AUGUST 31 | 3PM
TVVO:ID | A/LIVE IN NEW YORK + UKRAINE
CLEMENTE SOTO VELEZ CULTURAL AND EDUCATIONAL CENTER
A soloist on stage in a duet with an invisible counterpart. The musicians are separated by place, time, and war. One plays live in New York, the other appears via a recording made earlier in Kyiv. This format was first realized in November 2024 as a “signal” from wartime Kyiv to peaceful Berlin. In its current edition, that same signal now travels across the ocean to New York. The Ukrainian musician does not know whether the dialogue with his counterpart will succeed. In New York, it unfolds as a conversation the other side cannot hear.

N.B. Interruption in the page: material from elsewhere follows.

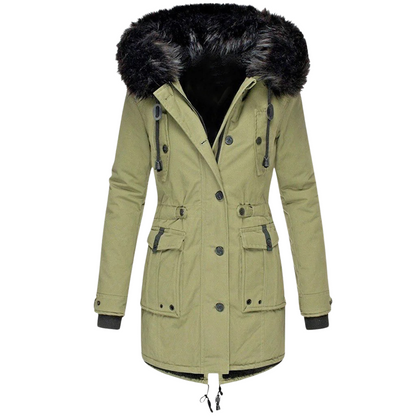 Warm Women's Parka Jacket with Hood - Olytrend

The musical experience of the evening will suggest a complex entanglement of pieces from composers Anna Arkushyna, Ihor Zavhorodnii, and Albert Saprykin in their attempt at personal and collective research on the topic of fragile connections and uncertainty in dialogue during the war and beyond.

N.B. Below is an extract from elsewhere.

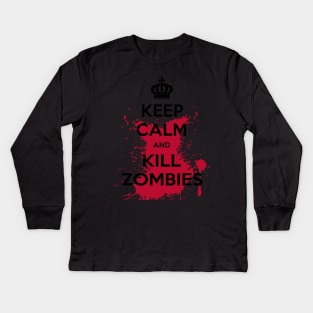 Funny Halloween zombie product - keep calm and kill zombies Kids Long Sleeve T-Shirt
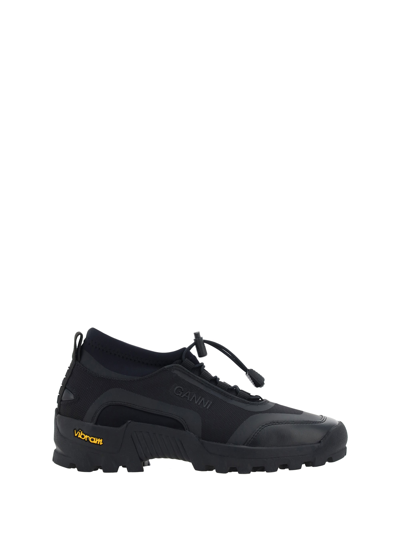 Ganni Low-top Drawstring Sneakers In Black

This ineffable title evokes a state of someone living an experience that, while overwhelming, does not allow itself to be verbalized. This state, however, is instantly recognizable — in the silence of a wordless walk with a beloved friend under the wailing air raid siren in Kyiv’s Podil neighborhood; in the voice of a colleague on a video call whose loved one was killed in action; or in the tear-filled eyes of a stranger in Berlin's S-Bahn carriage as she dabs at them with tissues bearing the Ukrainian flag on the packaging.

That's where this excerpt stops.